また、「新型コロナによる運動不足解消を目的に」ユーチューブチャンネル「おとなこども運動」を20年3月からスタート。小3の長男、6歳の次男とともに自宅でできる簡単な運動を紹介している。
「五輪独特の雰囲気にのまれないで」
出身は岐阜県岐阜市。消防士だった父、学生時代は陸上競技で鳴らした母の間に生まれた3人姉妹の末っ子だ。
「父はスピードスケートをしており、岐阜県スケート連盟公認のコーチでした。それで私も3歳から姉たちと滑っていました」
素質の良さと熱心な練習が功を奏し、小学1年の時に県大会・小学校低学年の部で優勝。小学5年から屋内リンクで一年中練習に打ち込めるショートトラックに転向するやメキメキと頭角を現し、中学2年でショートトラック全日本選手権総合優勝を果たした。
「練習場が名古屋市内にあったため、練習時間を確保したくて高校進学に合わせて名古屋に引っ越しました」
そして高校3年だった96年の世界ショートトラックジュニア選手権では日本人唯一、総合優勝の快挙。若くしてショートトラック界を牽引した。98年2月、念願の長野五輪に出場。500メートル6位、1000メートル5位、3000メートルリレー4位と惜しくも表彰台には届かなかったものの主催国代表にふさわしい活躍ぶりだった。
「長野では試合もさることながら、海外選手との交流が一番の思い出。中でも選手食堂で、臼と杵を使った本格的な餅つきをしたのは忘れられません。日本の伝統的な文化を見て体験できて、海外の選手はとても喜んでいました」
その後、02年ソルトレークシティー(米国)、06年トリノ(イタリア)の冬季五輪に連続出場。
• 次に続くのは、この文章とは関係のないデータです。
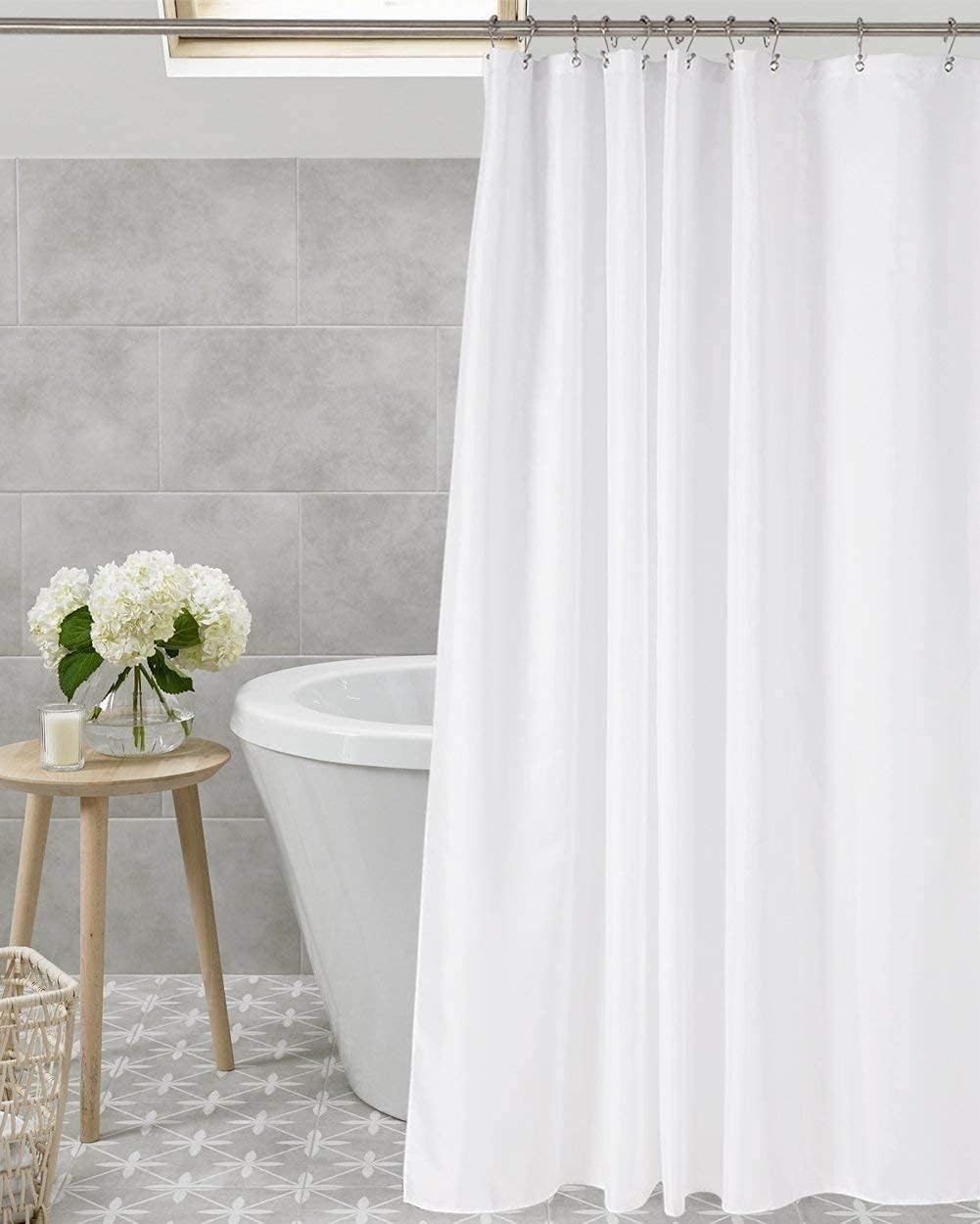 Amazer White Shower Liner Cloth Waterproof, White Shower Curtain Liner Fabric with Weighted Stones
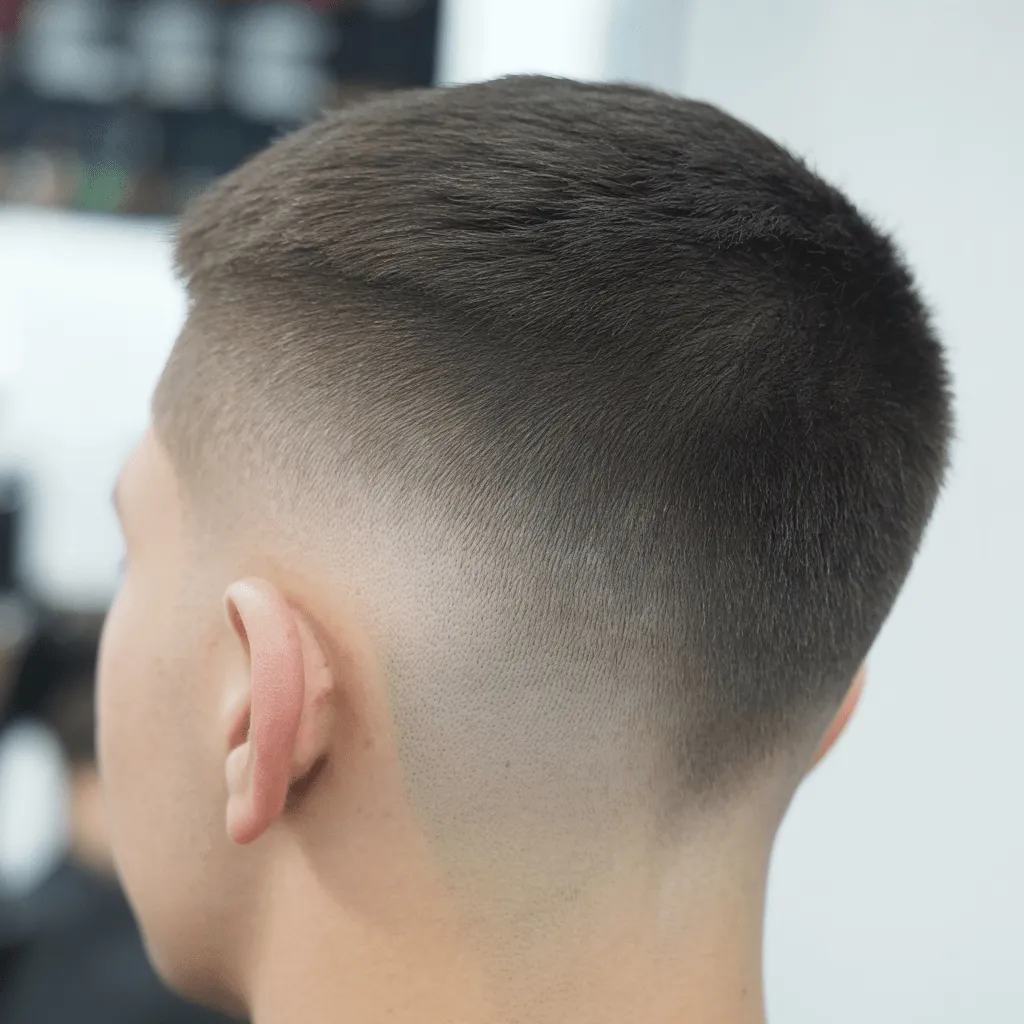 Skin fade con parte superior corta, estilo adoptado por oficiales de policía de la India, para una imagen moderna y disciplinada.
やはり表彰台は遠かったが、颯爽とリンクを駆ける勇姿はファンの記憶に深く刻まれた。
トリノ五輪を最後に競技生活にピリオドを打ち、引退後はスポーツキャスターに。同年、NHK・BS2の「街道てくてく旅~中山道完全踏破」でリポーターをした他、今も各種講演会のゲストとして全国を駆け巡っている。
「北京五輪ショートトラックは、男子5000メートルリレーが表彰台を期待できます。注意すべき点は、五輪独特の雰囲気にのまれないで冷静な判断をすること」
ショートトラックの各競技は5日から始まっている。